Bal Ram and his four brothers who live nearby, have three cane contracts and work together to share the workload. In 2014, Bal Ram bought a Massey 135 tractor and equipped it with the necessary farm implements. Since then he no longer uses bullocks to prepare the land.

In 2015, Bal Ram participated in a training course on “Best Practices in Cane Husbandry” offered by the European Union (EU) funded Fairtrade Project. Here, he learned about new cane farming practices which could help him increase his production while taking better care of the farm environment. Later, he joined in project training on Leadership and Communication as well as on Farming as a Business. These training sessions prepared Bal Ram to become a Leader Farmer. Working together with the Fiji Sugar Corporation (FSC) field team he chose a group of 13 farmers in his neighbourhood, who became his Link Farmers and to whom he now passes on the knowledge and skills learned through his training, and with whom he exchanges experiences in cane farming. The group is known as the Farmer Field School. Bal Ram demonstrates the new practices on his own farm.

Bal Ram is a prominent member of his community. He serves on committees of the Tagitagi Sangam School, Tagitagi Cemetery, Tagitagi Temple and the soccer club. He is also known by his community as a serious farmer with much knowledge. He takes good care of his cane by ensuring that his fields are fertilised and weeded at exactly the right time. He also takes care of his soil by intercropping his cane fields with cowpeas. The cowpeas provide nitrogen to the soil which will be used by the next crop of cane to grow strong and healthy.

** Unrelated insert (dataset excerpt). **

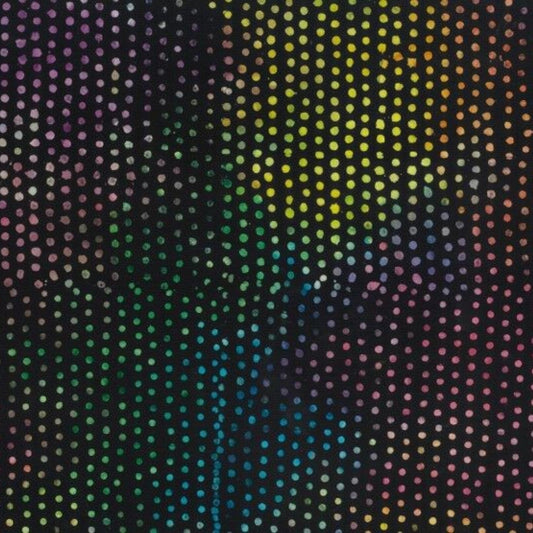 Batik Jewel Spot - 1993 - Everything Fabric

Bal Ram has a corner of one field dedicated to a cane nursery. He got the idea during his training. Often, it is very difficult to come by seed cane when needs are high; it is also quite expensive to transport. Bal Ram therefore decided to produce his own. His decision has already paid off and shown to improve his resilience in difficult times. After Tropical Cyclone (TC) Winston struck his community, Bal Ram was able to quickly plant three acres of cane just by using the cane in his nursery. Of course the cane in his nursery had also been damaged by the strong winds, but it was good enough for use as seed cane. Unlike other farmers, he did not have to waste time and money searching for new seed cane and as a result, he recovered from TC Winston quicker.

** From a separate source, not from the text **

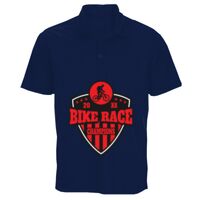 Polo Homme B&C Heavymill Vignette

The three acres that he planted immediately after the cyclone have produced a beautiful crop. Bal Ram usually has enough seed cane to share with those in need; and he doesn’t ask for payment. But he does tell other farmers to start their own nurseries, so that they become more independent. It is this kind of leadership that other farmers admire in Bal Ram.

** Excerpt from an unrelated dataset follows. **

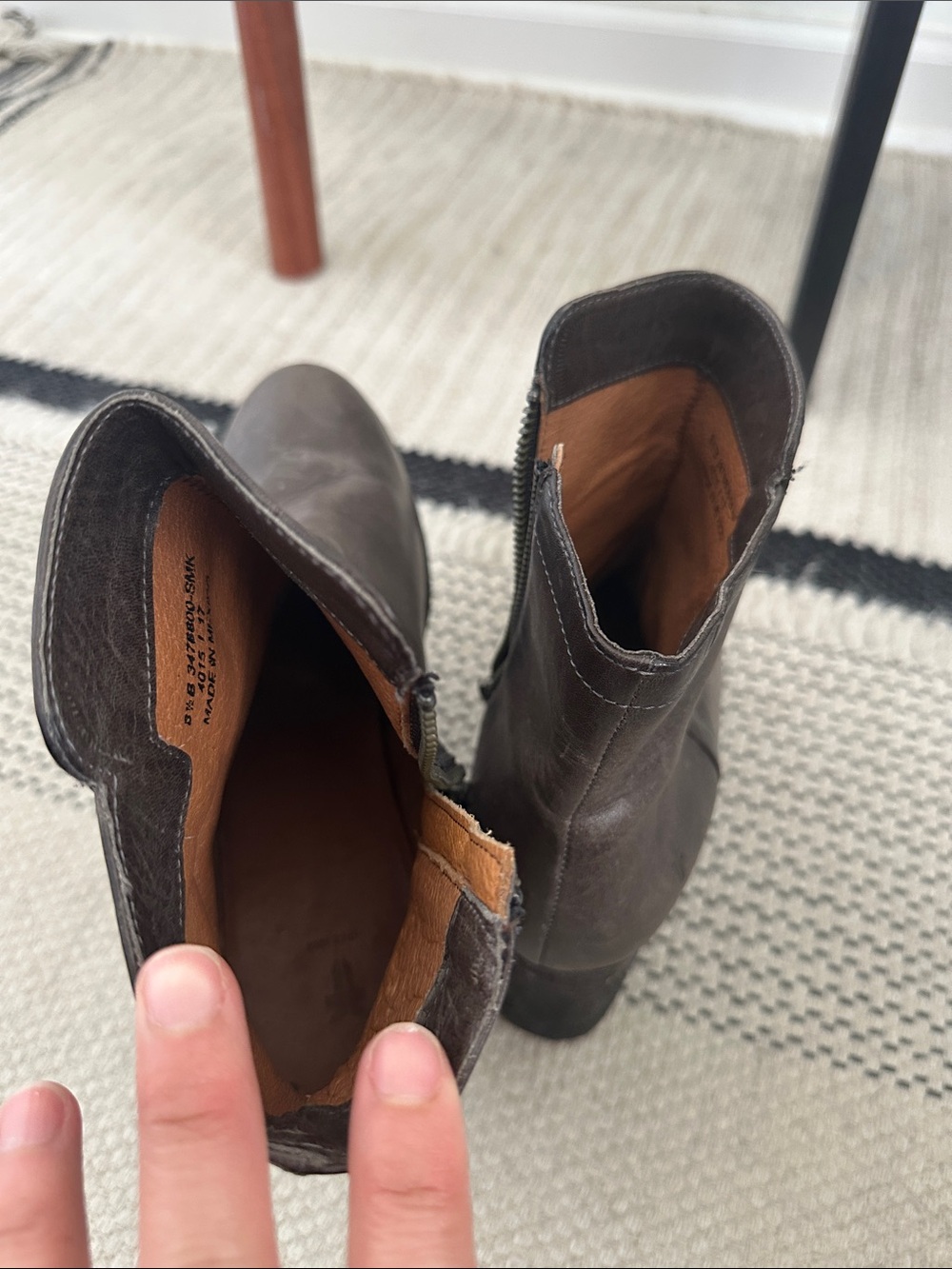 Frye Addie Boot - Picture 8 of 10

“Sugarcane has always been the first income source for the people of my village. And it can stay that way. Our children have to learn about sugarcane cultivation. Of course, they must go to school and educate themselves, but when they become farmers they must not stop learning. Farming changes all the time. If farmers keep on learning they can keep on growing sugarcane. And I am helping in that.”

Bal Ram

Farmer from Tagitagi, Tavua, Fiji

Until last year, Bal Ram cultivated only one variety of cane, the traditional “Mana” variety. Mana cane was grown by his father and his grandfather before him. It is a hardy cane, well-suited to Bal Ram’s area which receives low rainfall with a high level of unpredictability.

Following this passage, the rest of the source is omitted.